Les prairies, un puits de carbone relatif

Selon une étude internationale, les prairies gérées intensivement par l'homme sont devenues une source nette d'émissions de gaz à effet de serre, d'intensité comparable à celle des terres cultivées. Les chercheurs esquissent plusieurs pistes pour infléchir la tendance.

Au cours de la dernière décennie, les prairies gérées de manière intensive par l'homme sont devenues une source nette d'émissions de gaz à effet de serre et ont des niveaux d'émissions de gaz à effet de serre similaires à ceux des terres agricoles mondiales, lesquelles représentent une source importante de gaz à effet de serre. Tel est l’un des enseignements d’une étude internationale parue dans Nature Communications et conduite par plusieurs équipes de recherche, dont une équipe française issue du Laboratoire des sciences du climat et de l'environnement (CEA-CNRS-UVSQ).

Jusqu’à présent, les prairies étaient passées sous les radars de leurs potentiels impacts sur le changement climatique, du fait de la difficulté à appréhender les différentes formes de gestion et d’exploitation. Les chercheurs ont corrigé cette lacune en mettant au point une méthode capable d’appréhender l'effet des incendies, les pertes de carbone du sol par érosion hydrique, les émissions de méthane (CH4) par les animaux, les émissions de monoxyde d’azote (N20) par les excréments, le fumier et les applications d'engrais minéraux et enfin les dépôts d'azote dans l'atmosphère.

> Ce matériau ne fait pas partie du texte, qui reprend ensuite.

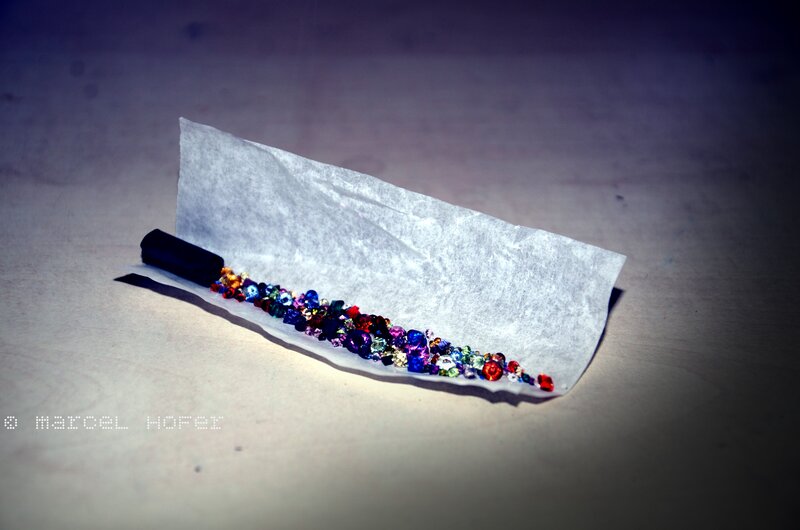 Colorful gems on paper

La méthode permet de quantifier les stocks de carbone et les flux gaziers associés à l’échelle des continents et sur une période s’étalant de 1750 jusqu’à notre ère.

Des prairies aussi émettrices que les terres cultivées

Globalement, les prairies n’exercent aucun effet de réchauffement sur le climat, notent les chercheurs, grâce à la prédominance des prairies peu ou pas pâturées, dont le puits de carbone s’intensifie sous l’effet d’une augmentation des dépôts de CO2 et d'azote. Ce profil est représentatif de 80% des prairies au plan mondial. Jusqu’à présent, ce puis contrebalançait les effets antagonistes liés à l’augmentation du cheptel et à une gestion plus intensive des prairies, qui induisent des émissions plus importantes de CH4 et de NO2.

Au cours du siècle dernier, le nombre de ruminants domestiques est passé de 1,4 milliard de têtes à 3,4 milliards, dépassant la biomasse des mammifères sauvages. Depuis une dizaine d’années, les prairies sont devenues émettrices nettes de gaz à effet de serre et se situent au même niveau que les terres cultivées. Les changements d’affectation des terres n’y sont pas étrangers. Selon l’étude, la déforestation en pâturages est le fait de l’Amérique du Sud (à hauteur de 70%) et de l’Asie (21%). La conversion de prairies en terres cultivées est le fait de l’Amérique du Nord (39%), de l’Europe (36%) et de l’Asie du Sud-Est (21%).

Les leviers d’atténuation

Selon les chercheurs, les tendances récentes, marquées par l'expansion des pâturages et l'augmentation du cheptel, laissent à penser que les prairies, à l’échelle mondiale, accéléreront le réchauffement climatique. La balance entre atténuation et amplification sera conditionnée à l’évolution du cheptel (elle-même liée à l’évolution de la consommation de lait et de viande), à la stabilité du carbone accumulé dans le sol dans les prairies et aux potentialités de stockage additionnel de carbone dans le sol, sachant que les expériences de long terme font état de phénomènes de saturation.

Les chercheurs énoncent de nombreuses pistes pour améliorer le bilan des prairies. Outre la déforestation et l’amélioration des pratiques de pâturage, les chercheurs évoquent la réduction des émissions par les engrais, les effluents et la fermentation entérique.